Wednesday, 21 March 2012

Leaving Home

It seems hard to believe it’ll be 13 years in October since I found myself starting the first year of my degree. 18-years-old, a naive, nervous kid from Cumbria transported down near That London. At the time, my mother thought I was running away from her, like they all do at such moments. Why hadn't I gone to Preston or Newcastle, only a two hour drive from home?

The reason was exactly that. The freshly-adult D.C. Harrison hadn't liked the shy, bumbling teenager he had thus so far been. I blamed my parents insomuch as they had brought me up in some crap hell-hole of a one-horse town where I was labelled a "puff" for daring to read outside lessons and would routinely take a kicking during enforced rugby matches that seemed less a competition and more an exercise in seeing who out of the other 29 could bounce on my head the most.

Thus, I decided that by going to university hours away from anybody who even vaguely knew me I could reinvent myself as some kind of cool cat to whom all the pretty girls would flock to, attracted by my Northern brogue. As it turned out, it was more a problem than anything, as I had to repeat myself about three times, as most of my fellow students hadn't heard a Northern accent outside the Gallagher brothers.

On the plus side, it was good to be away from the heavy working class machismo that I'd been brought up in. For the first time, I was hanging out with people from every combination of race, religion and sexuality. It was nice to be in an environment where a chap could, if so wished, flirt with another fellow and not expect to then suddenly find themselves in hospital as a result.

Sometime in Fresher’s Week, the Student Union had an event that was based around a Stock Exchange concept.

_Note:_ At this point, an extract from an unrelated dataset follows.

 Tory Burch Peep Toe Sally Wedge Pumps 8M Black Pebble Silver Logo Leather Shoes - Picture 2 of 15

The large screen (usually used to show football games) featured a list of drinks with prices, which fluctuated – I assume – dependent on what was selling. Being a tall chap, we were able to stand right by the bar and still be able to see what was going cheap over everyone else’s heads.

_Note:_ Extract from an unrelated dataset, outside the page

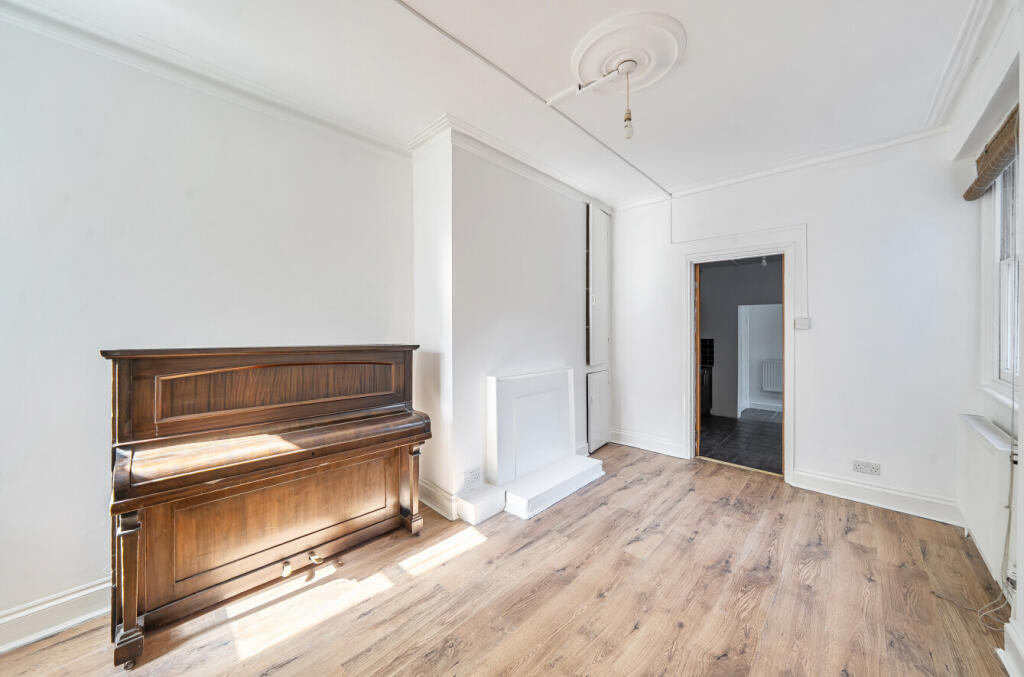 Apartment in London - More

In hindsight, it seems a pretty stupid idea, doing as it does encouraging everyone to mix drinks like mad and induce mass hoying of ring. It certainly happened to my neighbours, though I someone managed to keep enough common sense to stick to the piss-weak lager they were serving on tap. Within weeks, a friendly skinhead on my course called Big Dave (and haven’t we all known a Big Dave at some point?) introduced me to Newcastle Brown Ale, which we worked out of all the bottled ales gave the best value for money and therefore became my tipple of choice throughout the rest of our studies. Strangely, I've not touched it since graduation, not even on my trip to LA in 2005 where it was bizarrely advertised on billboards all over Hollywood as being a drink for attractive young hipsters, rather than for factory workers from places like Wolverhampton and Hull to guzzle before the usual Saturday night scrap at closing time.

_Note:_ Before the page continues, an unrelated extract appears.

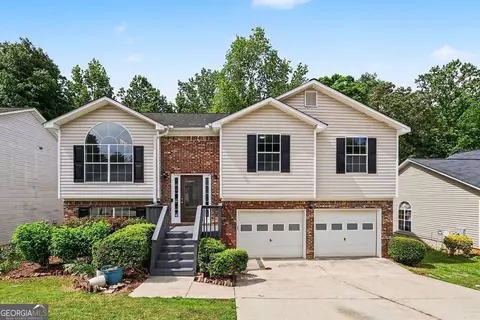 5687 Wellborn Oaks Ct, Lithonia, GA 30058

In hindsight of that year, it was maybe enough to survive. There were stories abound of burn-outs: indeed, I once helped a completely zonked-out vague acquaintance to bed after a frankly colossal all-day bender involving most drugs known to man washed down with a small lake of alcohol. A few days later I found out he’d been checked into the psychiatric wing of the local hospital. Happy ending: he subsequently took on a monk-like lifestyle and graduated with a first. Several lads I knew on my course dropped out before the first year was out, red-eyed and lost.

I nearly ended up there myself: I confess to playing up some kind of cliché as hard-drinking Northerner, helped by the fact that most of my fellow students (bar the Irish) couldn't hold their booze. Come Easter, however, a single bottle of beer at the start of the evening was enough to send me to my bed for a restless night of throwing up to the point of dry-retching. The false bubble of indestructibility was burst and I spent the next few months pretty much teetotal.

Lying in bed after that night, I came to the realisation that when it all comes down, you can't hide who you are from that nagging voice in the back of your head. I'm the least cool, hip person in the world and am tough as a Daisy. Subsequently, I limped through my degree with diminishing interest, preferring to spend my days playing Pro Evolution Soccer on Playstation and watching about four episodes of the Simpsons a day.

Three years concluded with me limping back up North with a heavy sense of “is that it?”, set to enter a two year spell in the Phantom Zone of unemployment that ended when a friend rescued me, setting in motion a series of events that saw me gratefully dragged up to the lifeboat HMS Manchester.

Years on, on a return visit to home, and after a fair few drinks, I made some kind of apology to my parents for being such a pain back then, especially for having the feelings described in the second paragraph here. My dad told me not to be so bloody daft.